What is expected. Every line below from the one with "istock Titanium dioxide, E171, dangerous" through the one with "Confidence riding horse on the road" should be retyped exactly, both ends included; no other lines and no pictures.

Data extracts.
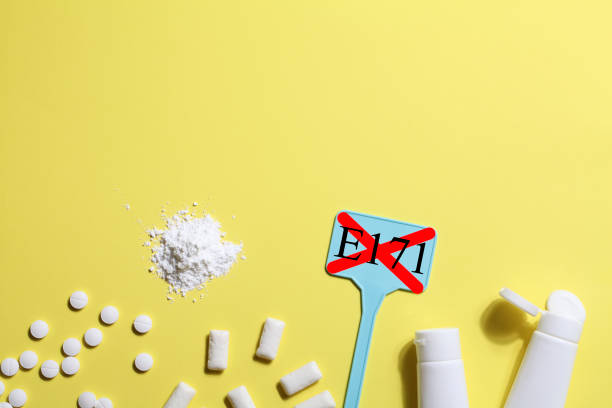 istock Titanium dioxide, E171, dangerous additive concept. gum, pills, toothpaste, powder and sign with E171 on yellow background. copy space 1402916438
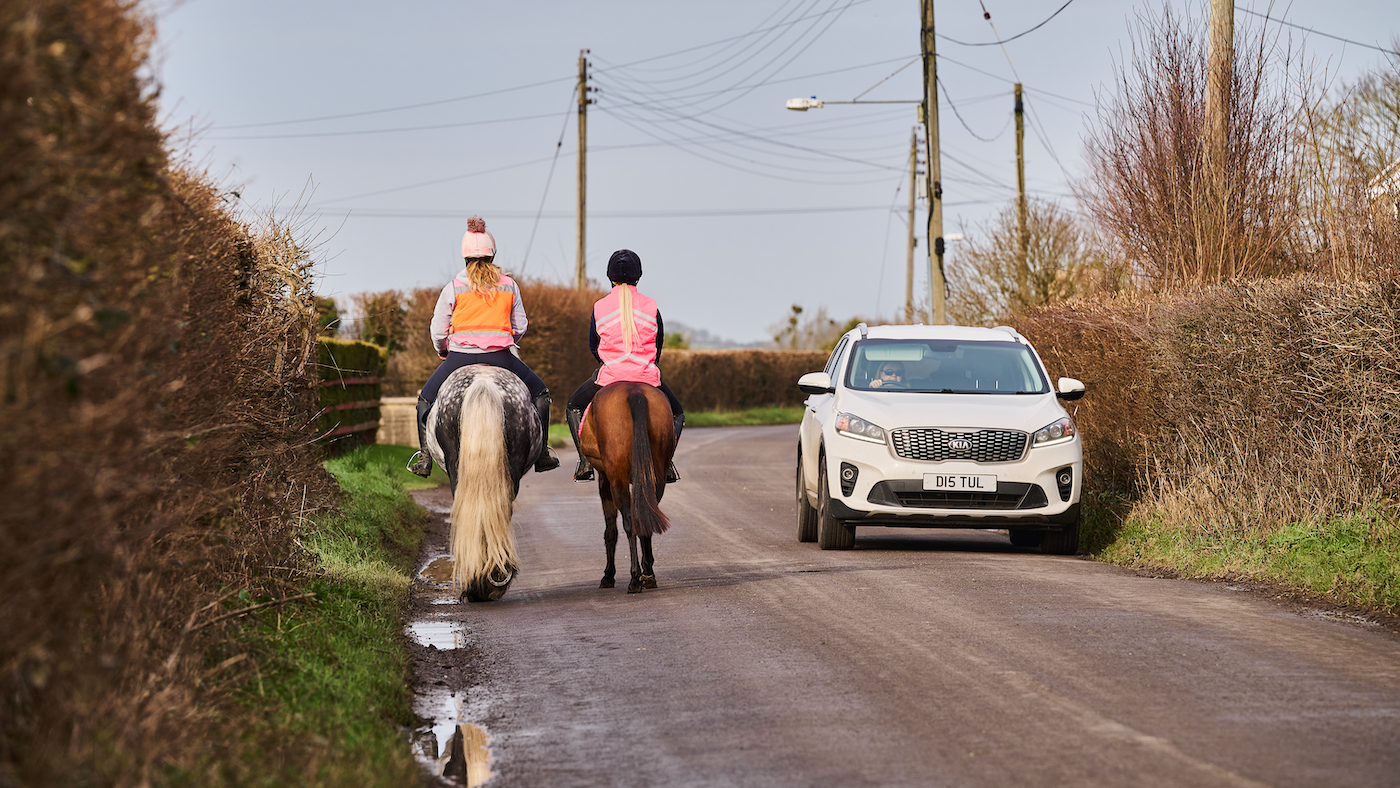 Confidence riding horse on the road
...
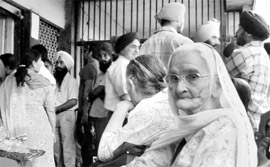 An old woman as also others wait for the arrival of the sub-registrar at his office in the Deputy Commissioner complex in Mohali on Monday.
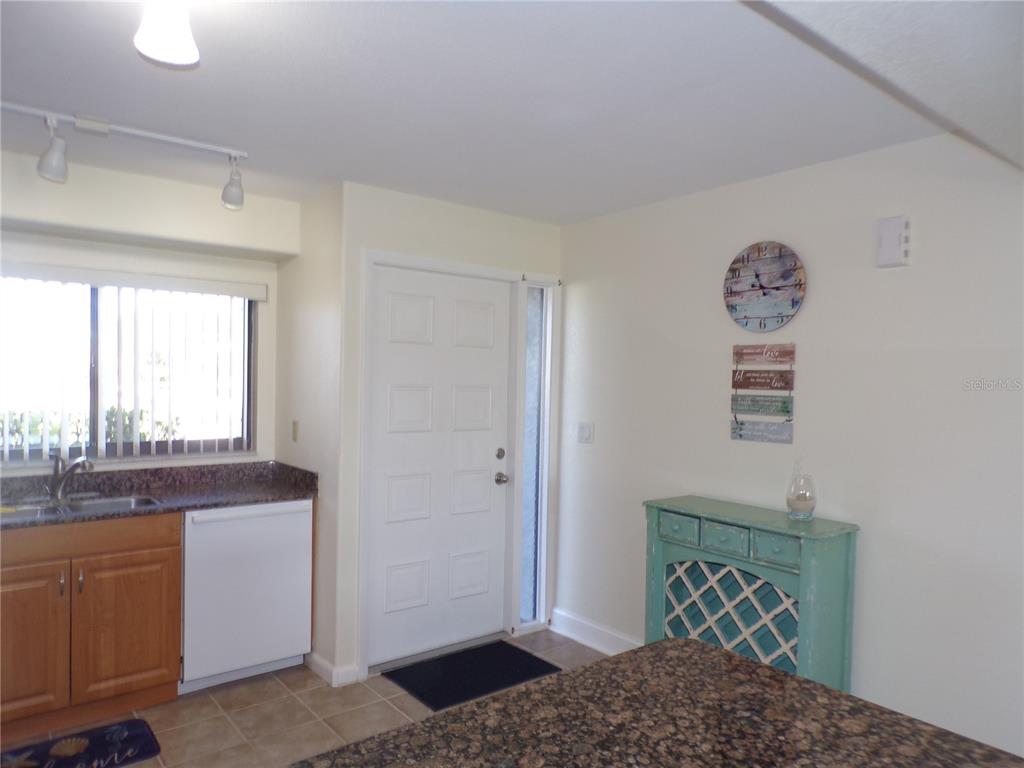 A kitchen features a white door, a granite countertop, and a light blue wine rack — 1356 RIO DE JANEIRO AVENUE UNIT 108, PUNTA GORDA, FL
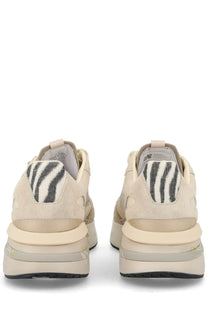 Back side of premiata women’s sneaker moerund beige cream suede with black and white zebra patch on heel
--
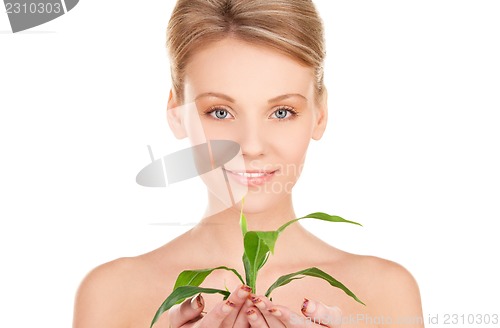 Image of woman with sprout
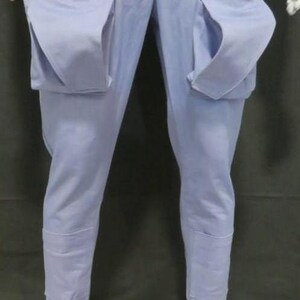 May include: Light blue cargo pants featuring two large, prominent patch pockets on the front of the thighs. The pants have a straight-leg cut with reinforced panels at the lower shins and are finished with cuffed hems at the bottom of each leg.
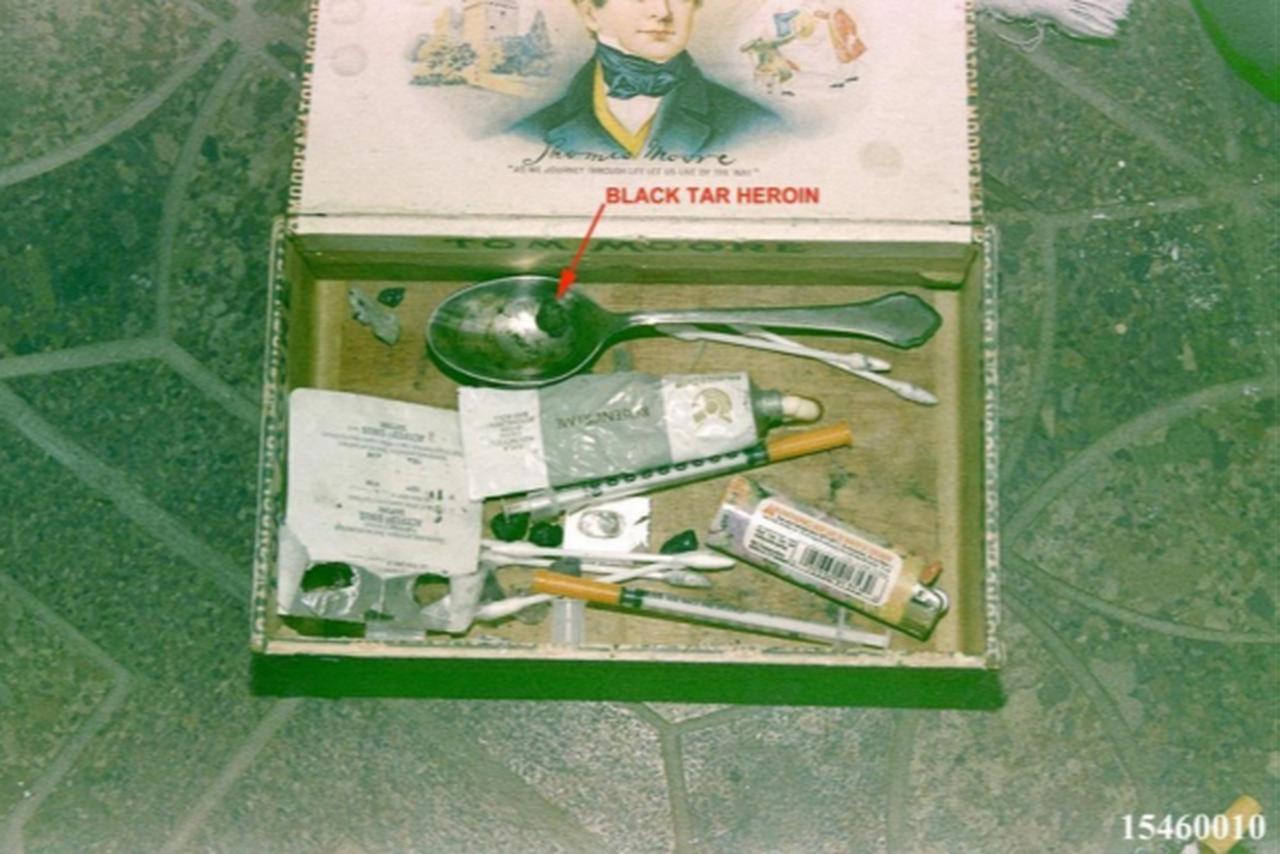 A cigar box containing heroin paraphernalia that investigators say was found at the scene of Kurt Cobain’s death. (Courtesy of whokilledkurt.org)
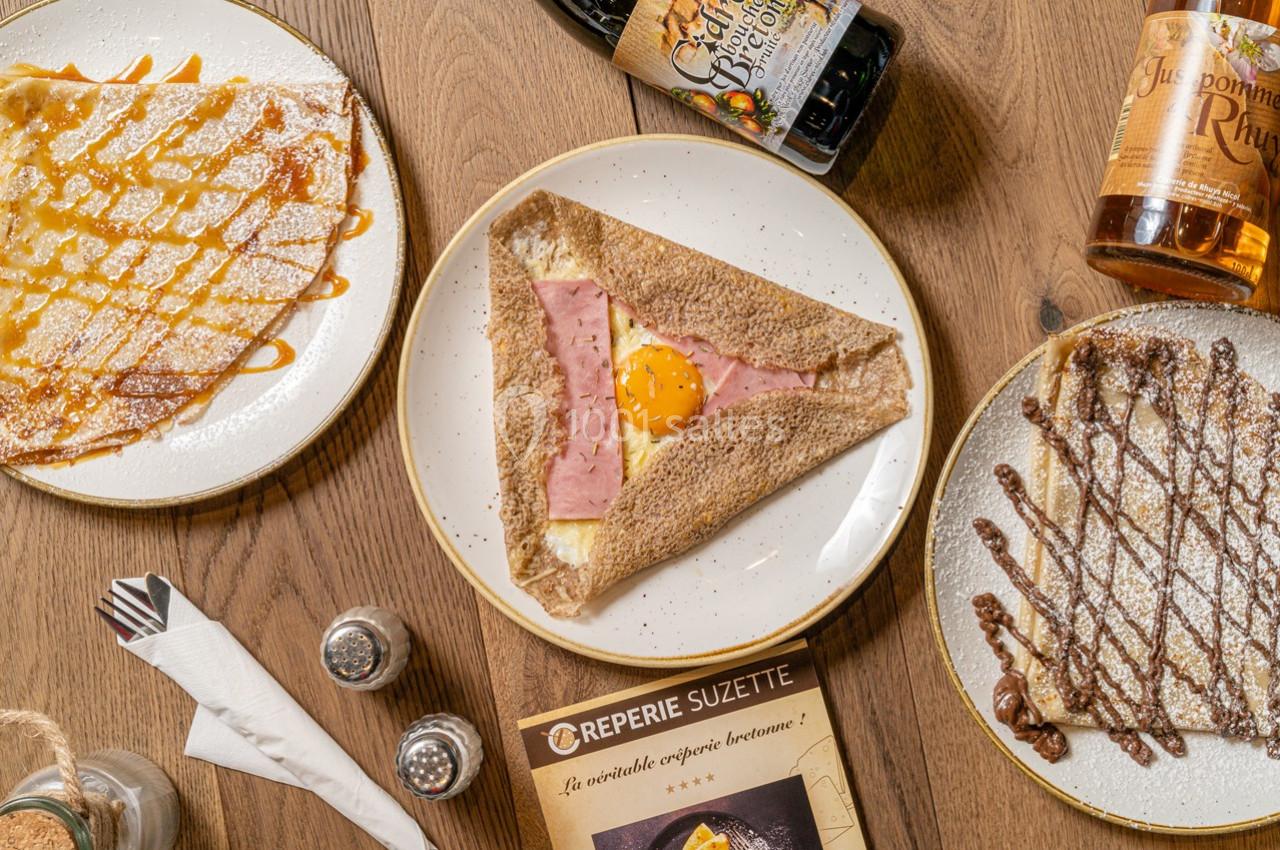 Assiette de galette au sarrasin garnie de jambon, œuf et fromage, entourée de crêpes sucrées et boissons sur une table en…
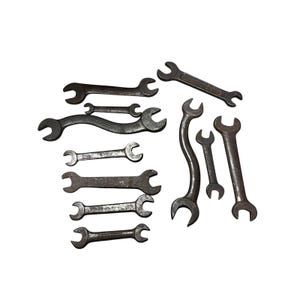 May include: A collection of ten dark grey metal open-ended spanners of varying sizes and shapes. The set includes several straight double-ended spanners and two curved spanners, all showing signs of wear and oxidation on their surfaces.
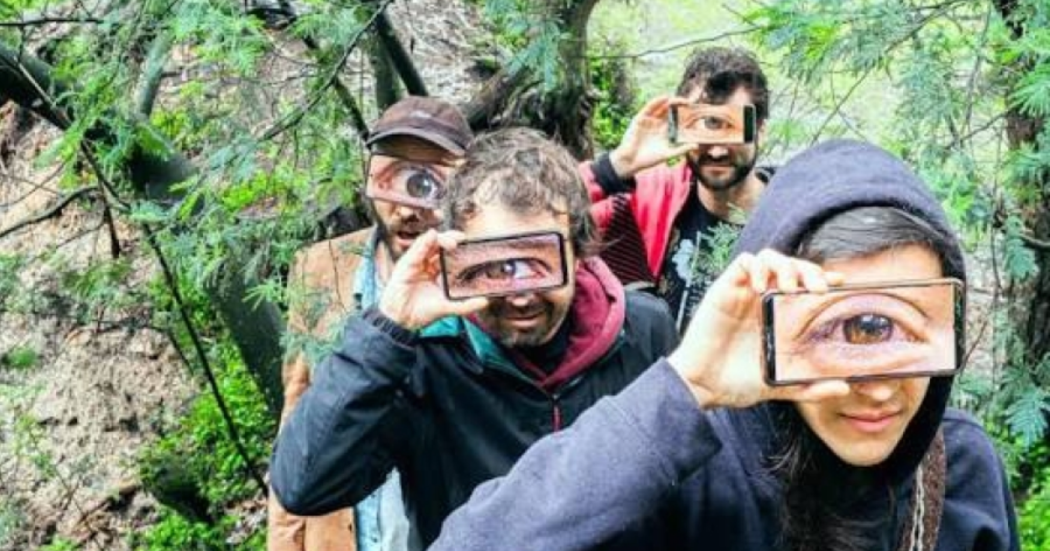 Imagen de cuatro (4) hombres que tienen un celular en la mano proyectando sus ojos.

Answer section.
 istock Titanium dioxide, E171, dangerous additive concept. gum, pills, toothpaste, powder and sign with E171 on yellow background. copy space 1402916438
 Confidence riding horse on the road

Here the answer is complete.